What is expected: Where does the word "dogs" show up in the data? Please find each such line and copy it.
*** Opening Dataset records ***
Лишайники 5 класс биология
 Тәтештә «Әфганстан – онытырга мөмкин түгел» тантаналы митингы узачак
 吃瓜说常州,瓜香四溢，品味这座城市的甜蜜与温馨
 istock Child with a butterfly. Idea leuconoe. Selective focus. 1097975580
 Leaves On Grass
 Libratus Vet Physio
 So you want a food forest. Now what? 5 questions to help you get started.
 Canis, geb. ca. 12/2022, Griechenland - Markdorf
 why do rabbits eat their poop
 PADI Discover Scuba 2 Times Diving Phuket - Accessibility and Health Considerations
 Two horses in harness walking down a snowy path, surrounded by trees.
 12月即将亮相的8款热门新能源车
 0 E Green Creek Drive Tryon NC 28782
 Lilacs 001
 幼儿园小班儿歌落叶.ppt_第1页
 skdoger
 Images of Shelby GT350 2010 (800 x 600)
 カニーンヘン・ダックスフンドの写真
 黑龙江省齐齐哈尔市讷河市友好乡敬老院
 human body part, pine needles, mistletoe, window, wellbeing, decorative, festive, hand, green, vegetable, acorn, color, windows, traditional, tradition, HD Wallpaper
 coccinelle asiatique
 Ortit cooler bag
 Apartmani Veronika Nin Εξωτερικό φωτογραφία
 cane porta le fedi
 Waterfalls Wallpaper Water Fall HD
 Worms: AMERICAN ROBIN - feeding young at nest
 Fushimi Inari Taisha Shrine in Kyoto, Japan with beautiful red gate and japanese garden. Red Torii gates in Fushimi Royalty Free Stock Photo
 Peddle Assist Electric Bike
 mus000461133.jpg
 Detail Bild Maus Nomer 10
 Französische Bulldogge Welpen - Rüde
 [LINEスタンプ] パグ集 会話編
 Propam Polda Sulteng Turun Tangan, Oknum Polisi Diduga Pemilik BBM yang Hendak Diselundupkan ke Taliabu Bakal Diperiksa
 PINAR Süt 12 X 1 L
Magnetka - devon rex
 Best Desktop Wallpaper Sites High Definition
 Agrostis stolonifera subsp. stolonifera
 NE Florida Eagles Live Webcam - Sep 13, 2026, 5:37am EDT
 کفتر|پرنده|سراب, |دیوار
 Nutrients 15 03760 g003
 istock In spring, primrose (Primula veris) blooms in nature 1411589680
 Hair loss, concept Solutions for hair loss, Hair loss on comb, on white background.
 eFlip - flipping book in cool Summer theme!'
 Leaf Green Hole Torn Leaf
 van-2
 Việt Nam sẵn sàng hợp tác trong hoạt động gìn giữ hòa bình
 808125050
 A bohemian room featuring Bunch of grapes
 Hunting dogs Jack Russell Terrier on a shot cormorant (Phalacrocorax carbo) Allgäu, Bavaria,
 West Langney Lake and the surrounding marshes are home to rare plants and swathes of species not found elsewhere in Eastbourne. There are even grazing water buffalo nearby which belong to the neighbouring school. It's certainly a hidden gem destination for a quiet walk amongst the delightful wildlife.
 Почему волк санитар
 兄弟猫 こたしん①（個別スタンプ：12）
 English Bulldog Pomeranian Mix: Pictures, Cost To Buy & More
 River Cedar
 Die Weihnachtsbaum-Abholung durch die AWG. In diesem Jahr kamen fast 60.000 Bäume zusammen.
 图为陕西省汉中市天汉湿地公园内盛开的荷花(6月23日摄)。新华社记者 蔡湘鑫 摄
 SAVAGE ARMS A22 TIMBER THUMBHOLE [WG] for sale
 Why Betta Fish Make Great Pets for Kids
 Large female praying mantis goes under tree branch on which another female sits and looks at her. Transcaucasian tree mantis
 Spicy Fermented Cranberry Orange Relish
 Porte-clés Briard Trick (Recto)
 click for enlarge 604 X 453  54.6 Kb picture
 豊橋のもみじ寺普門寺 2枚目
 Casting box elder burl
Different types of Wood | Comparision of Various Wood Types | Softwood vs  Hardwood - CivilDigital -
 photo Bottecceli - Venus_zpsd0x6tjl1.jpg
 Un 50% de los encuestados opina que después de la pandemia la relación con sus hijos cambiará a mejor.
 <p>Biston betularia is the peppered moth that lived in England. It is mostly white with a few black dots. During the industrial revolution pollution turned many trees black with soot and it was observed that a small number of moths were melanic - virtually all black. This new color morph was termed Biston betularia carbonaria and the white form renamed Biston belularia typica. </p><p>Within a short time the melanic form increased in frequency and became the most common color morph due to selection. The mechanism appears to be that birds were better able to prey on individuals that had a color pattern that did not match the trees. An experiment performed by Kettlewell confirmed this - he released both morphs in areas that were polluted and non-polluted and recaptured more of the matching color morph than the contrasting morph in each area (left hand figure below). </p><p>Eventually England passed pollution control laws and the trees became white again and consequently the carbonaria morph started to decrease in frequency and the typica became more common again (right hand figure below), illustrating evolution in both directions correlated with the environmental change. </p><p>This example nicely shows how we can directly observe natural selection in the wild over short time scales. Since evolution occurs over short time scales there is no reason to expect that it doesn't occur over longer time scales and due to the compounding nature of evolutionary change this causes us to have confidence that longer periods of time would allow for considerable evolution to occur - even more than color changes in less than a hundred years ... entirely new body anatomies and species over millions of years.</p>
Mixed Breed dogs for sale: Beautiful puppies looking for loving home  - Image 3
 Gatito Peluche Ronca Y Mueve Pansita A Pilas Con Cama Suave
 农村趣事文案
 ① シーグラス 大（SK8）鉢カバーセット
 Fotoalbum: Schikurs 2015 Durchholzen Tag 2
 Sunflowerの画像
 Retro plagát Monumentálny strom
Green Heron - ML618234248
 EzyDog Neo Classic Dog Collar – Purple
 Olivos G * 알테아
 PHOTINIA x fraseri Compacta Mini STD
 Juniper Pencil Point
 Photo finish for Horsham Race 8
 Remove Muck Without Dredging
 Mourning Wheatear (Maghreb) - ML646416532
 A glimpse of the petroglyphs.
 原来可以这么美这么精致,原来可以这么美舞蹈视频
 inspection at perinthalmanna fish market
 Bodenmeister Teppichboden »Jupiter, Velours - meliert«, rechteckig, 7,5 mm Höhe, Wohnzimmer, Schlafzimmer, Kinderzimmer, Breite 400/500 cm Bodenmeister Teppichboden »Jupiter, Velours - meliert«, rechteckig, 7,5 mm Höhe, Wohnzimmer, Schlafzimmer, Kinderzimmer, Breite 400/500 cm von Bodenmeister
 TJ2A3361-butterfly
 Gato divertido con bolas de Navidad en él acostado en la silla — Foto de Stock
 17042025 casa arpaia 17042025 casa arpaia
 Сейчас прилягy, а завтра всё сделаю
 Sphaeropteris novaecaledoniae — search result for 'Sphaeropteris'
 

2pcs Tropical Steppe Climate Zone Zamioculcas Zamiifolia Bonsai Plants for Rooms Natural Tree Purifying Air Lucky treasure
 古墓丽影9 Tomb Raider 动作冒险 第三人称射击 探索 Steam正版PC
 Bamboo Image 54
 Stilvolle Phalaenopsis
*** Closing Dataset records ***
Written response:
 Hunting dogs Jack Russell Terrier on a shot cormorant (Phalacrocorax carbo) Allgäu, Bavaria,
Mixed Breed dogs for sale: Beautiful puppies looking for loving home  - Image 3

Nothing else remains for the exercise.